**TASK STATEMENT**
The line holding "How to sum an" is the last one to output; start at the first line of the data, keep every line in between exactly, and leave out pictures.

(DATA EXTRACTS)

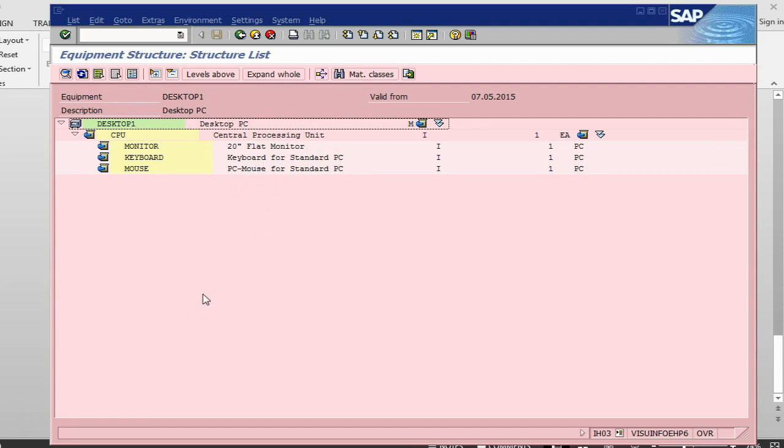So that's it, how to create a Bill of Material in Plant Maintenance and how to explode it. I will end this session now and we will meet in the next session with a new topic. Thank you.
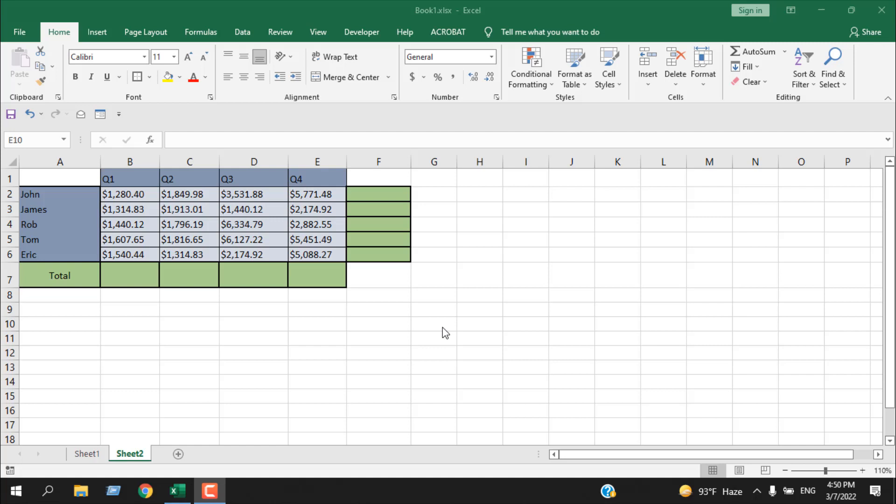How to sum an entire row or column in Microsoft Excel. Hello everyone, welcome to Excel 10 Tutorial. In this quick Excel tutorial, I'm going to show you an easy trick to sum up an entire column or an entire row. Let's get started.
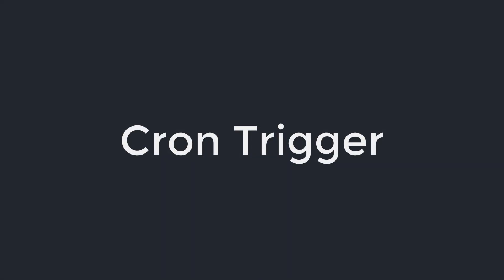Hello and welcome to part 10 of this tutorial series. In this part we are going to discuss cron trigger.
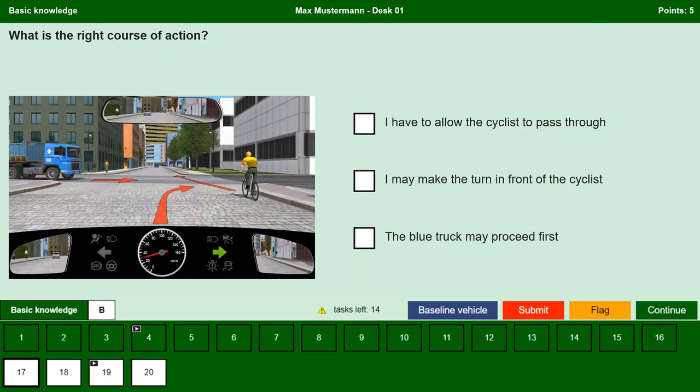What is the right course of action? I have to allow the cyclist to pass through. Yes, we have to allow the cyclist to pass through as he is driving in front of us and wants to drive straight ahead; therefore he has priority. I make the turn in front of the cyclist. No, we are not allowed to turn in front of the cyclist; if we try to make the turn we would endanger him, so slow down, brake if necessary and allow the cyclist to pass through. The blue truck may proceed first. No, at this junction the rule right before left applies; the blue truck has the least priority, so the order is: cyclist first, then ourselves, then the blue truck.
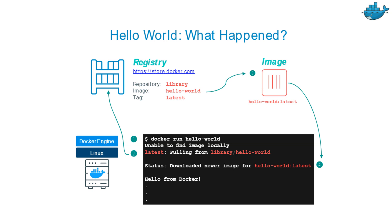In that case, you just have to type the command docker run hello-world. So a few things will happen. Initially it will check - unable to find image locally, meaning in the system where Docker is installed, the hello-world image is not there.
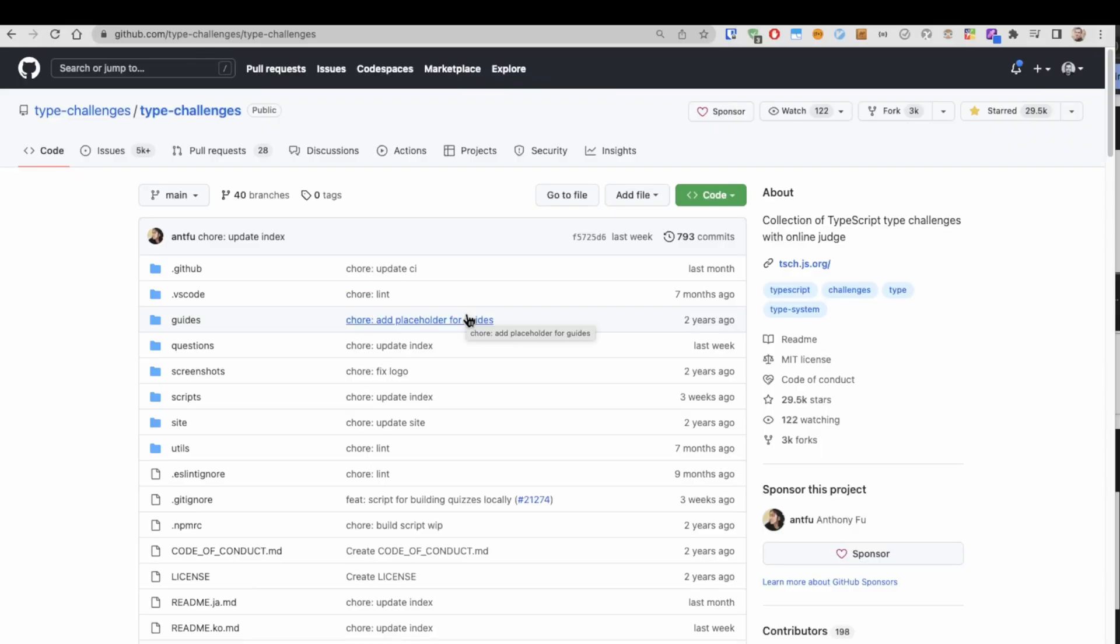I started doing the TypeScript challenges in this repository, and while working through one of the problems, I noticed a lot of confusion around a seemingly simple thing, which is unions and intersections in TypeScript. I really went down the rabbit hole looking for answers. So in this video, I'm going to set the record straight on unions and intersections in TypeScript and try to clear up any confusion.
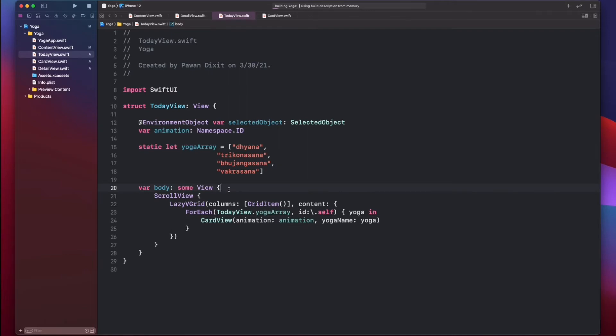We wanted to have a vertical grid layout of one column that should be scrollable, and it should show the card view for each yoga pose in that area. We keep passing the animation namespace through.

(End DATA EXTRACTS)

**RESPONSE AREA**
So that's it, how to create a Bill of Material in Plant Maintenance and how to explode it. I will end this session now and we will meet in the next session with a new topic. Thank you.
How to sum an entire row or column in Microsoft Excel. Hello everyone, welcome to Excel 10 Tutorial. In this quick Excel tutorial, I'm going to show you an easy trick to sum up an entire column or an entire row. Let's get started.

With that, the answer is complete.